→ Directions for this task
Copy out the lines beginning with the one that contains "Plus Size Hooded Bomber Puffer Coat" and ending with the last line below, exactly as they stand. Pictures are not copied.

→ Given information
[Start of Attachment]
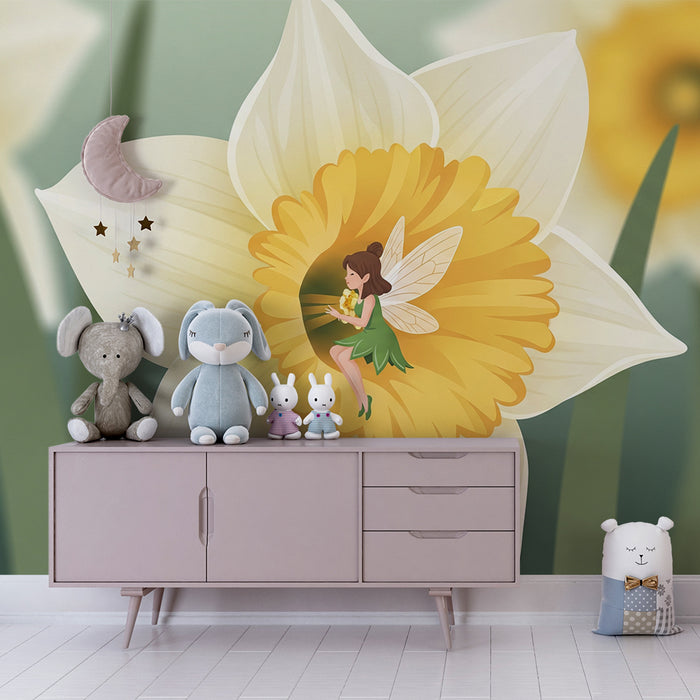 Papier peint chambre enfant | Fée délicate sur une fleur de narcisse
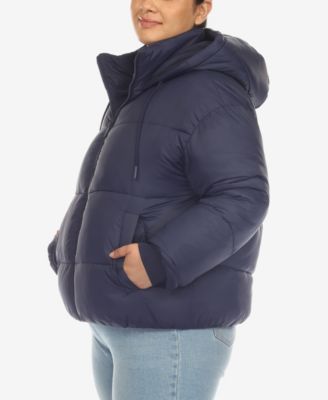 Plus Size Hooded Bomber Puffer Coat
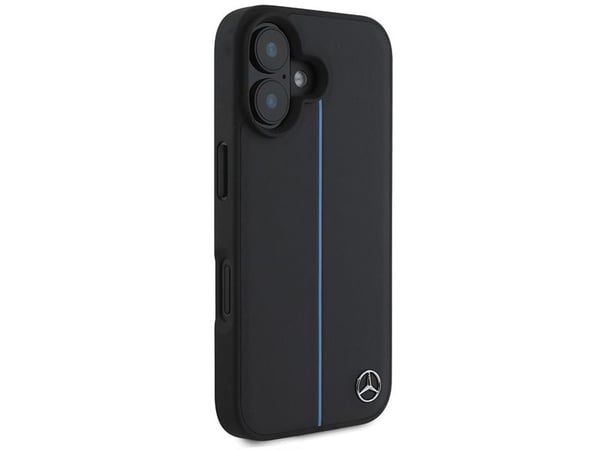 Mercedes MB blått telefondeksel Line Leather MagSafe Apple iPhone 16-deksel - svart telefondeksel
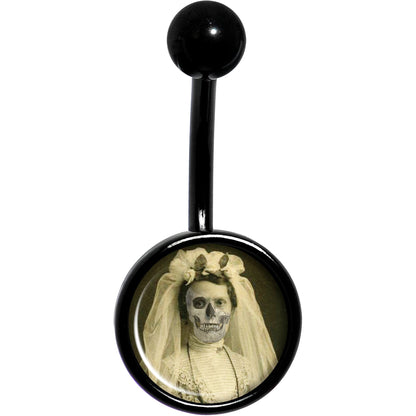 Skeleton Bride Halloween Black Belly Ring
[End of Attachment]
→ Result
 Plus Size Hooded Bomber Puffer Coat
 Mercedes MB blått telefondeksel Line Leather MagSafe Apple iPhone 16-deksel - svart telefondeksel
 Skeleton Bride Halloween Black Belly Ring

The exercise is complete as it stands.